Nous sommes à Lisbonne pour une réunion de la présidence du Parti socialiste européen. C'est une idée de nos camarades portugais à la veille de leur congrès qui correspond au quarantième anniversaire de la refondation du PS portugais.
Ce soir, avec quelques camarades, grecs, français, belges et irlandais, nous avons dîné à proximité d'un des lieux phare de la Révolution des Œillets. Ce lieu où la PIDE avait ses locaux je crois et où la foule s'était rassemblée, en appui à ces vaillants capitaines d'avril pour réclamer la reddition des derniers soutien du régime. Déjà ce soir, quelques personnes se rassemblent, un œillet à la main.
Etre au Portugal pour le 39e anniversaire de la Révolution des Œillets n'est pas sans émotion. C'est une pensée pour nos frères qui, en 1974, ont chassé la dictature instaurée depuis 1926 par Salazar et ont fait éclore une démocratie exemplaire car ici, contrairement au grand voisin espagnol, le principal parti de droite n'est pas truffé de nostalgiques de l'ancien régime...
C'est aussi un moment d'humilité et de fierté car je pense à mes camarades portugais vivant en France et cette fraternité qui unit depuis toujours les deux PS. L'amitié qui unissait Mitterrand et Mario Soares dont le nom a toujours incarné pour notre génération, à la fois le socialisme portugais et l'honneur retrouvé d'un grand peuple. D'ailleurs, seul l'orateur socialiste, le député Alberto Costa, a évoqué le rôle du MFA...
Nous avons vibré au rythme des révolutions arabes. Il y a 40 ans, c'était en Grèce, en Espagne, au Portugal...
Porter l'œillet rouge de rigueur en ce jour est un grand moment de fierté où nous nous associons anonymement à nos frères et nos soeurs du Portugal et où j'ai pu revoir mes amis Rui et Paulo maintenant députés.
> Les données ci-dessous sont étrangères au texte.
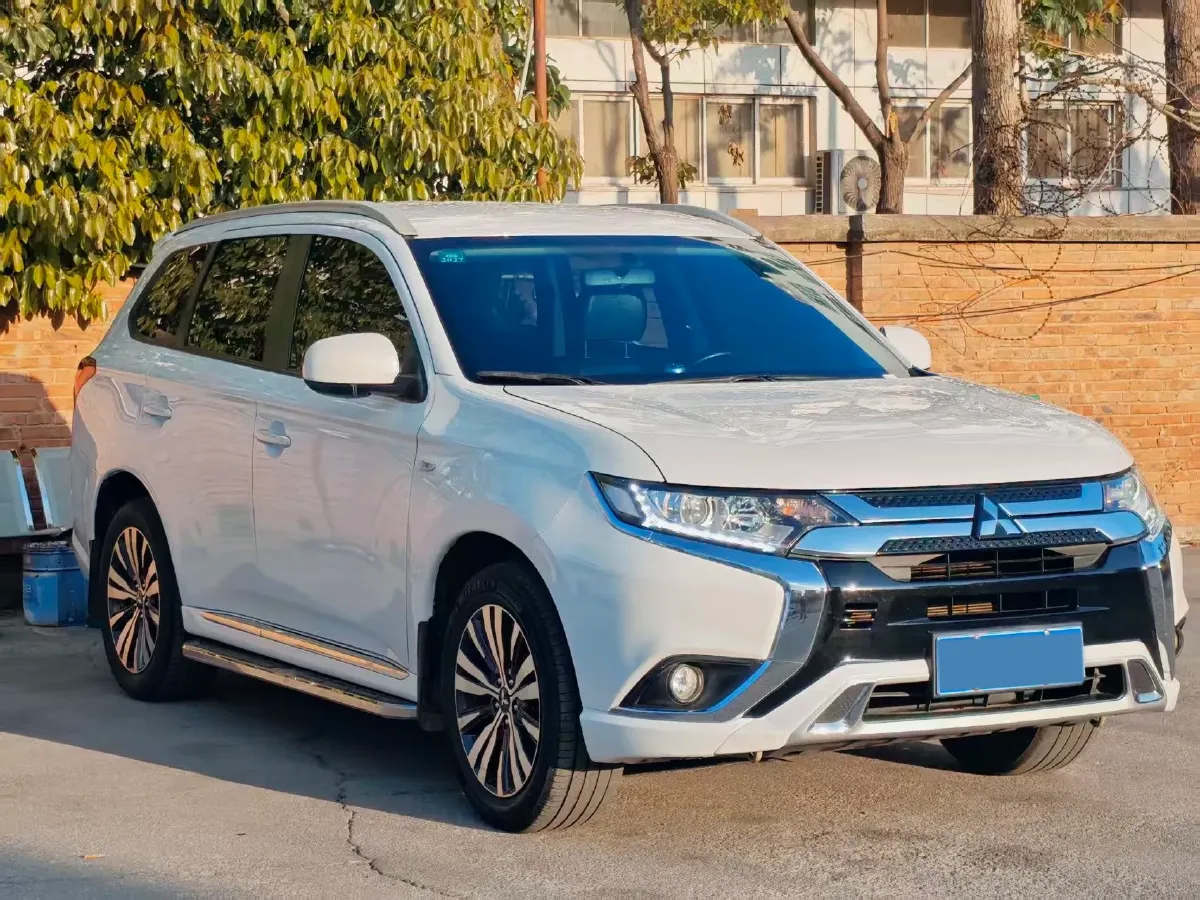 2020 Mitsubishi Outlander 2.0L 166HP L4 CVT,autocango,china used car exporter,china ev exporter,chinese used car exporter,chinese used ev exporter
Le Portugal, longtemps cité en exemple des réussites européennes ou comment les fonds structurels avaient permis de rattraper les retards espagnol, portugais ou grec, jusqu'à ce que la cris vienne mettre un terme à ce récit sur la solidarité européenne.
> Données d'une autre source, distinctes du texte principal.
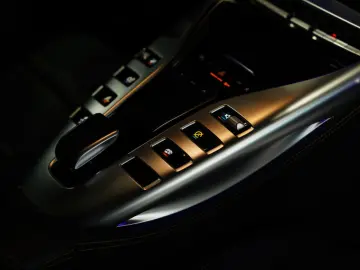 MERCEDES-BENZ AMG GT 53 4M  V8  Aerodynamik  S-Abgas  Schale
Pour avoir une idée de l'état de la crise, les jardins des palais de Bélem et de São Bento, où réside l'exécutif, habituellement ouverts au public, ont été fermés.
L'anniversaire de la Révolution est un moment d'unité nationale et de souvenir de l'importance du combat pour la démocratie. La crise est elle que ce consensus est disloqué. D'ailleurs, le président de la République, Anibal Cavaco Silva donne lui-même des coups de canif en appuyant les réformes du gouvernement. Il avait appelé à la fin de la législature de Socrates le peuple à descendre dans la rue, maintenant, il demande aux gens de courber l'échine. Les conservateurs du PSD ont franchi un pas supplémentaire dans la provocation par le fait que le discours du parti au pouvoir a été fait par Carlos Abreu Aborim, connu pour être l'incarnation détestable de l'aile la plus réactionnaire de la droite portugaise...
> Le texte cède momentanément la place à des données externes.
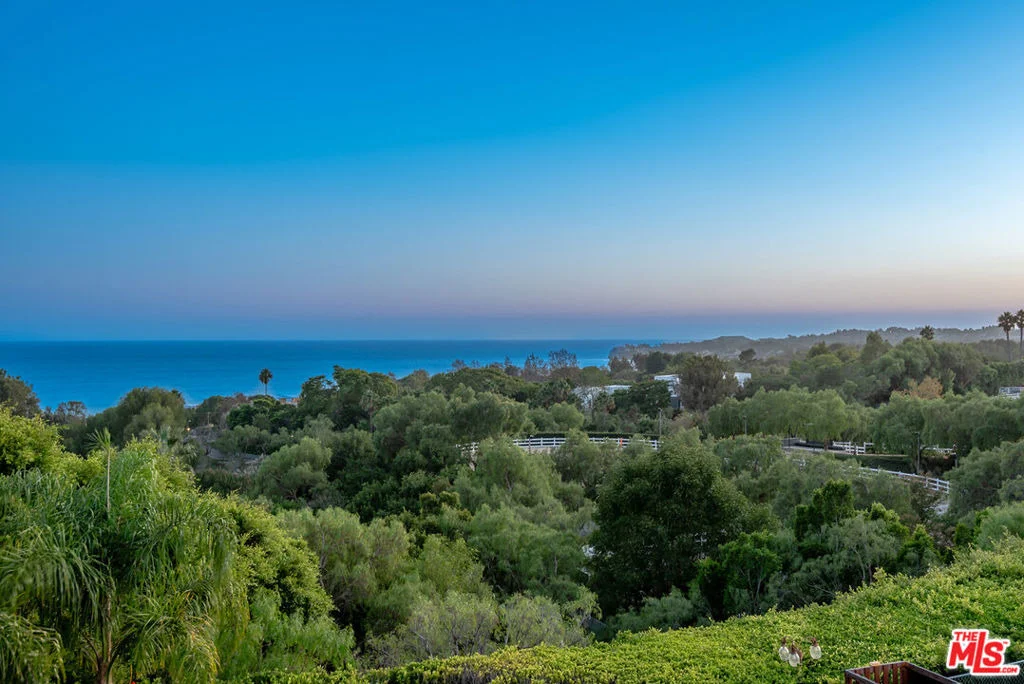 Photo of 27551 Pacific Coast Highway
Jamais le pays n'avait été aussi faible depuis la décolonisation. Le gouvernement conservateur, appuyé par une presse conservatrice, est tellement impopulaire qu'en plus des élections municipales prévues à l'automne, on envisage des élections anticipées.
La démocratie est tôt ou tard fragilisée quand la misère s'étend et en ce jour, il faut s'en souvenir pour agir.